§ PROMPT
At the line with "Red Taniko Motif", start transcribing; stop after the last line of the data below. Keep it exact and leave pictures out.

§ INFORMATION SHOWN

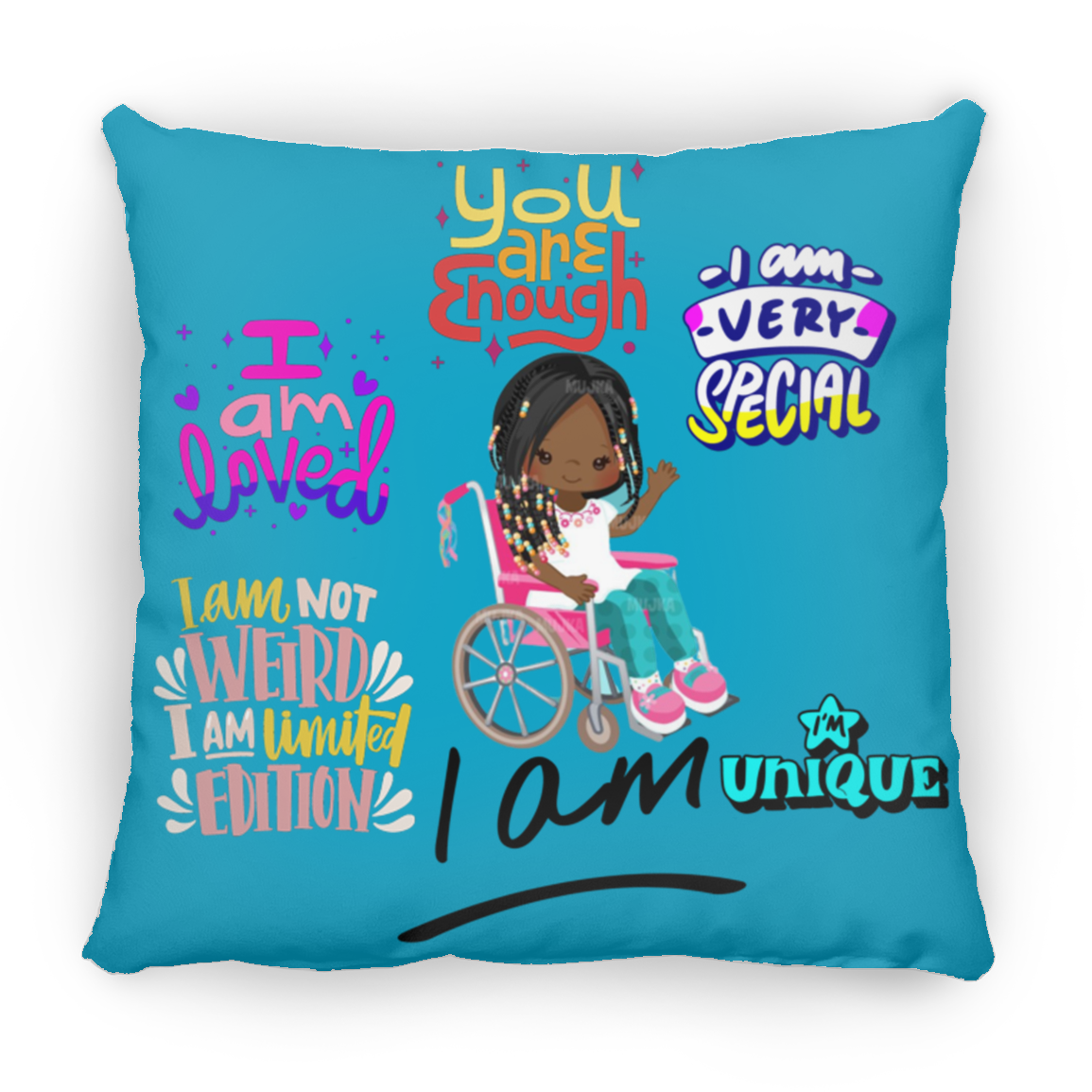 I Am Loved Large Square Pillow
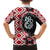 Red Taniko Motif Aotearoa Manaia and Silver Fern Family Matching Off Shoulder Maxi Dress and Hawaiian Shirt
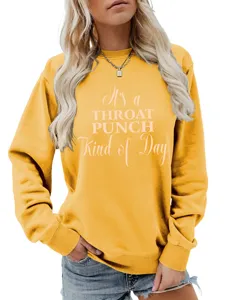 Felpa girocollo gialla casual con stampa grafica frontale per abbigliamento femminile.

§ RESULT FOR THIS EXERCISE
 Red Taniko Motif Aotearoa Manaia and Silver Fern Family Matching Off Shoulder Maxi Dress and Hawaiian Shirt
 Felpa girocollo gialla casual con stampa grafica frontale per abbigliamento femminile.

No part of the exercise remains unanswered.